Items from a dataset:
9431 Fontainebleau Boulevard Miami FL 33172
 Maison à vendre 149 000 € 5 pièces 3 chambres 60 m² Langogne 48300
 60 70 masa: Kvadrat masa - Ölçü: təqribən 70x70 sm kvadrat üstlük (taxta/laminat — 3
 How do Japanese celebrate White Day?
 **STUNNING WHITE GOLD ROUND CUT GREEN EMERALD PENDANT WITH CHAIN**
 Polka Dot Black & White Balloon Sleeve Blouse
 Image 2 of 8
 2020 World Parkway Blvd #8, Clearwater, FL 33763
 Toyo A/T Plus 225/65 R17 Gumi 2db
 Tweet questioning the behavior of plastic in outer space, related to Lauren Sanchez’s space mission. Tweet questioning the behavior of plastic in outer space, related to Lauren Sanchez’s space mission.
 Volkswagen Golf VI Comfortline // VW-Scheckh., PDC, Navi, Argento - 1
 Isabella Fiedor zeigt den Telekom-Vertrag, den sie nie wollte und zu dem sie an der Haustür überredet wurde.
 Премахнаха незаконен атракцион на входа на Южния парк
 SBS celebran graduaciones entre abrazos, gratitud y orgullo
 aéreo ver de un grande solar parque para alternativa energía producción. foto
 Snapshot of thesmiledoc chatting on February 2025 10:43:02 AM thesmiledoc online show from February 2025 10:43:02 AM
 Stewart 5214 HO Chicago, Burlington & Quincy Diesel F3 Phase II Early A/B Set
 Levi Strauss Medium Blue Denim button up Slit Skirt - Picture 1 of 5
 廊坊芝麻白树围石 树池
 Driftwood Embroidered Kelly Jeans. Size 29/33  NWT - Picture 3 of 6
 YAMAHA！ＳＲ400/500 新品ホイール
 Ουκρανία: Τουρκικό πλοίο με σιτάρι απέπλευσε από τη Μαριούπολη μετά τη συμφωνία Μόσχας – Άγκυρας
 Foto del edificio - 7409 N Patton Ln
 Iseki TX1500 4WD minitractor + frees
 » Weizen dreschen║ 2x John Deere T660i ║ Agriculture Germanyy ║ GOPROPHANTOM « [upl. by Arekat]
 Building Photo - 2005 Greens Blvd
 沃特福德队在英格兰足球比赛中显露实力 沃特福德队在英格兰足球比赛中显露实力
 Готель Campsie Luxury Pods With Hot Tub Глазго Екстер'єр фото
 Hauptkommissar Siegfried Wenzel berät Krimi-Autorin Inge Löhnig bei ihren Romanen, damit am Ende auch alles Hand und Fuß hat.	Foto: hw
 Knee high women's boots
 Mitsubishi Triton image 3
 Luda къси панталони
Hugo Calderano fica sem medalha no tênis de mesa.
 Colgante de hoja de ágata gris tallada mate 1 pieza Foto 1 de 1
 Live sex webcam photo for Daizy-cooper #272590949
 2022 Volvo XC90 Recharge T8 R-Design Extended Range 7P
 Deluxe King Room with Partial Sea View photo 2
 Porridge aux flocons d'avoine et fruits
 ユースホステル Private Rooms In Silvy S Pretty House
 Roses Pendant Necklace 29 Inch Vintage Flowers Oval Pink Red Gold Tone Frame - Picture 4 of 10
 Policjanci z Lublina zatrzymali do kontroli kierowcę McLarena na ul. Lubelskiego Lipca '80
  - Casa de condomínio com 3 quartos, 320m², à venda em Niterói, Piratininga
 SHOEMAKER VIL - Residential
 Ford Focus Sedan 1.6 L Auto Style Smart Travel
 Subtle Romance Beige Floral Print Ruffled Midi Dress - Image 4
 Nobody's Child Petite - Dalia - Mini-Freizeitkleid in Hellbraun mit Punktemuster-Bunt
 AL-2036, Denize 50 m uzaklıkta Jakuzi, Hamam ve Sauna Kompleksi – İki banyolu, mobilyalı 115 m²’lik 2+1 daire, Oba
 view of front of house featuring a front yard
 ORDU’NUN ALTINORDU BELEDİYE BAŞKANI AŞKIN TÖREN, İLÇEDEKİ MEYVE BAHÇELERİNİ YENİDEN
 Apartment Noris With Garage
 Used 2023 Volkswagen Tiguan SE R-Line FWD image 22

**Requirement**. Transcribe the entries exactly.

**Answer**.
9431 Fontainebleau Boulevard Miami FL 33172
 Maison à vendre 149 000 € 5 pièces 3 chambres 60 m² Langogne 48300
 60 70 masa: Kvadrat masa - Ölçü: təqribən 70x70 sm kvadrat üstlük (taxta/laminat — 3
 How do Japanese celebrate White Day?
 **STUNNING WHITE GOLD ROUND CUT GREEN EMERALD PENDANT WITH CHAIN**
 Polka Dot Black & White Balloon Sleeve Blouse
 Image 2 of 8
 2020 World Parkway Blvd #8, Clearwater, FL 33763
 Toyo A/T Plus 225/65 R17 Gumi 2db
 Tweet questioning the behavior of plastic in outer space, related to Lauren Sanchez’s space mission. Tweet questioning the behavior of plastic in outer space, related to Lauren Sanchez’s space mission.
 Volkswagen Golf VI Comfortline // VW-Scheckh., PDC, Navi, Argento - 1
 Isabella Fiedor zeigt den Telekom-Vertrag, den sie nie wollte und zu dem sie an der Haustür überredet wurde.
 Премахнаха незаконен атракцион на входа на Южния парк
 SBS celebran graduaciones entre abrazos, gratitud y orgullo
 aéreo ver de un grande solar parque para alternativa energía producción. foto
 Snapshot of thesmiledoc chatting on February 2025 10:43:02 AM thesmiledoc online show from February 2025 10:43:02 AM
 Stewart 5214 HO Chicago, Burlington & Quincy Diesel F3 Phase II Early A/B Set
 Levi Strauss Medium Blue Denim button up Slit Skirt - Picture 1 of 5
 廊坊芝麻白树围石 树池
 Driftwood Embroidered Kelly Jeans. Size 29/33  NWT - Picture 3 of 6
 YAMAHA！ＳＲ400/500 新品ホイール
 Ουκρανία: Τουρκικό πλοίο με σιτάρι απέπλευσε από τη Μαριούπολη μετά τη συμφωνία Μόσχας – Άγκυρας
 Foto del edificio - 7409 N Patton Ln
 Iseki TX1500 4WD minitractor + frees
 » Weizen dreschen║ 2x John Deere T660i ║ Agriculture Germanyy ║ GOPROPHANTOM « [upl. by Arekat]
 Building Photo - 2005 Greens Blvd
 沃特福德队在英格兰足球比赛中显露实力 沃特福德队在英格兰足球比赛中显露实力
 Готель Campsie Luxury Pods With Hot Tub Глазго Екстер'єр фото
 Hauptkommissar Siegfried Wenzel berät Krimi-Autorin Inge Löhnig bei ihren Romanen, damit am Ende auch alles Hand und Fuß hat.	Foto: hw
 Knee high women's boots
 Mitsubishi Triton image 3
 Luda къси панталони
Hugo Calderano fica sem medalha no tênis de mesa.
 Colgante de hoja de ágata gris tallada mate 1 pieza Foto 1 de 1
 Live sex webcam photo for Daizy-cooper #272590949
 2022 Volvo XC90 Recharge T8 R-Design Extended Range 7P
 Deluxe King Room with Partial Sea View photo 2
 Porridge aux flocons d'avoine et fruits
 ユースホステル Private Rooms In Silvy S Pretty House
 Roses Pendant Necklace 29 Inch Vintage Flowers Oval Pink Red Gold Tone Frame - Picture 4 of 10
 Policjanci z Lublina zatrzymali do kontroli kierowcę McLarena na ul. Lubelskiego Lipca '80
  - Casa de condomínio com 3 quartos, 320m², à venda em Niterói, Piratininga
 SHOEMAKER VIL - Residential
 Ford Focus Sedan 1.6 L Auto Style Smart Travel
 Subtle Romance Beige Floral Print Ruffled Midi Dress - Image 4
 Nobody's Child Petite - Dalia - Mini-Freizeitkleid in Hellbraun mit Punktemuster-Bunt
 AL-2036, Denize 50 m uzaklıkta Jakuzi, Hamam ve Sauna Kompleksi – İki banyolu, mobilyalı 115 m²’lik 2+1 daire, Oba
 view of front of house featuring a front yard
 ORDU’NUN ALTINORDU BELEDİYE BAŞKANI AŞKIN TÖREN, İLÇEDEKİ MEYVE BAHÇELERİNİ YENİDEN
 Apartment Noris With Garage
 Used 2023 Volkswagen Tiguan SE R-Line FWD image 22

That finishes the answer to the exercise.